The Tala Hamza deposit and related mineralisation is located within the Oued Amizour massif, a Miocene intrusive volcanic complex, within the Kabylian section of the Atlas mountain chain, which stretches along the Mediterranean Sea in NW Africa.

The tectonic setting of Algeria can be divide into two distinct domains separated by the major South Atlas fault: (i) the Saharan Platform to the south, a relatively stable block of low tectonic activity that covers much of the country; and (ii) Northern Algeria, a generally ENE-trending, 350 km wide domain of Tertiary Alpine orogenic activity, that comprises the Atlas mountain chain resulting from the collision between the African and Eurasian plates from the Late Jurassic, and contains a thick (5000 to 10 000 m) succession of sedimentary rocks deposited in a subsiding Mesozoic basin on the northern margin of the African plate that underwent tectonic inversion from the late Eocene.

The Atlas mountain chain may be further divided into: (i) the Saharan Atlas, a mountain range of Alpine origin to the south, immediately to the north of the South Atlas fault which separates it from the Saharan Platform; (ii) the broad high plains of the Oran Meseta to the west and Ain Regada to the east; and (iii) the Tellian Atlas to the north (which includes Kabylia), bordering the Mediterranean Sea reflect the final stages of collision between the African and Eurasian plates. This collision was influenced by the contemporaneous opening of the North Atlantic.

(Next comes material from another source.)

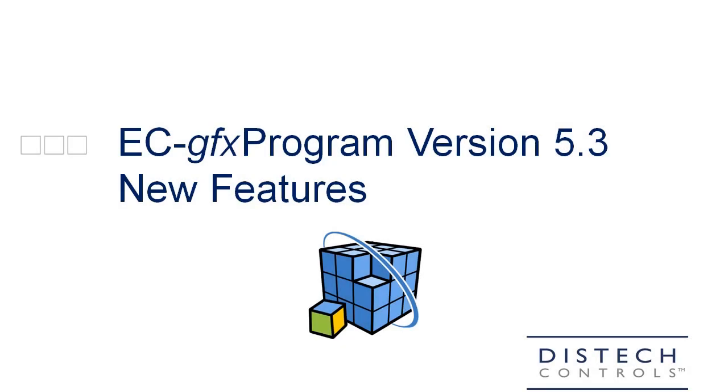Hello, this is Kevin Giorno from DisTech Controls and I will be showing you some of the many new features that have been added to the ECGFX program version 5.3. This video also includes new features that were added to ECGFX program version 5.2.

The Oued Amizour massif and the Tala Hamza deposit are located within the Tellian Atlas, which comprises a complex area composed of a succession of north dipping thrusts and south trending nappes set in place during the Lower Miocene, continuous with the Rif in Morocco to the west. This zone of derformation represents the final pulse of convergence and tectonic deformation in the Western Mediterranean, accompanied by the reactivation of some localised subduction, and generated intracontinental tectonic events in the Pyrenees, the Iberian range and in the High Atlas. This final pulse followed a general distensional tectonic regime during the Oligoceneas a consequence both of the North Atlantic ocean opening to the west and of the collision of Africa and Eastern Europe to the east.

While the basement to the Sahara Platform is Ebrnian to the SW, and Panafrican below much of the remainder, Northern Algeria, and the Tellian Atlas in particular is underlain by local gneisses and mica-schists, overlain by conglomerate and graptolitic (Silurian) shales/schists, Devonian shales and minor limestone reefs, local Carboniferous shales, Triassic red sandstones, evaporites and limestones/dolomites with basic volcanic intercalations in the upper part of the succession. The Jurassic is characterised by the Liassic transgressive marine sequence, comprising ~200 m of dolomitic and oolitic limestones overlying the Triassic evaporitic lagoonal sediments, succeeded by ~2000 m of Dogger shaley-carbonates and the Malm regressive phase with deltaic sediments to the south in the High Atlas and marine sequences in the north.

Cretaceous sediments are found throughout the Saharan Atlas, occurring mostly as quartzose clastics, reaching a maximum thickness of 1200, in the Western Atlas. There are a number of transgressions and regression, with sections of the sequence being absent locally, and intercalated evaporites,reefal limestones, other carbonates and marls being intercalated through the stratigraphic column.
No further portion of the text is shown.